The next three chapters deal with Reconstruction. Hahn points out the scope of political mobilization and the rise of Black militias. He points out the tremendous feat of registering a largely illiterate population once they achieved the vote, a feat rarely matched in American history. He discusses the difficulties of interracial cooperation in the Union League and how officials had to yield to popular wishes and sensibilities. We are reminded of the scope of black office-holding, and especially of the importance of holding local posts during Reconstruction. Not simply governors, senators or state legislators, but also sheriffs, magistrates, registrars and tax collectors, were vital to hold. We are also reminded how unprecedented it was for such a deprived class to achieve such power after emancipation. We are reminded of the constant pressures of vigilantism and economic pressure directed against African-Americans and we also learn about the use of intimidation to counter this. Associational life boomed with black burial clubs, saving banks, firefighting clubs and mutual aid societies being formed. We learn of more subtle checks on democracy, such as the widespread use of bonds. A lowly court clerk might have to post $3,000, while a sheriff might have to post as much as $90,000. Naturally this only encouraged people to place their dependence on the wealthy who stood as surety for them. And of course we learn about the Ku Klux Klan, and how they especially targeted schools for their murder and assassination raids.

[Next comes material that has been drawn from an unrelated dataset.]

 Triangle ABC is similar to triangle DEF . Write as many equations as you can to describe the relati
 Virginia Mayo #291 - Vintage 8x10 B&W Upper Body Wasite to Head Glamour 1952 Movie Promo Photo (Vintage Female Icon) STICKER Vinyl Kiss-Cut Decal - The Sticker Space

Part three looks at the "Redemption period." On the one hand blacks were still able to make alliances with Readjusters and Populists. But the intense hostility whites had to voting for black officials or living in communities run by black officials undermined every alliance. Hahn points out that this hostility was not simply racism; there were intense ideological prejudices within American ideology that looked down at any underclass, there were few areas such as churches and school where poor blacks and whites could meet, and kinship ties and economic dependence blunted class differences with the Democratic ruling class. But this hostility existed nevertheless and it was not overcome. Hahn also discusses such movements as Exodusters to Kansas and colonization of Liberia. Although they attracted only 25,000 or so in the late 1870s, they had a larger constituency of people who would have liked to move but lacked either the money to do so or were cowed by white opposition. Hahn points out that emigration was particularly weak in those areas of South Carolina and Louisiana had blunted the worst of redemption, and he also notes that the threat of emigration helped blunt the first round of anti-black Redemption measures in the 1870s. Hahn also points out these nationalist tendencies lasted well into the twenties, where most of Marcus Garvey's supporters were in the countryside. Especially noteworthy is Hahn's interest in gender and the importance of women as mothers, political advocates, community organizers and anti-lynching advocates. With 101 pages of notes, papers from at least fifteen different archives and a thorough grasp of the secondary literature, "A Nation Under Our Feet," confirms Hahn's status as one of the leading American historians.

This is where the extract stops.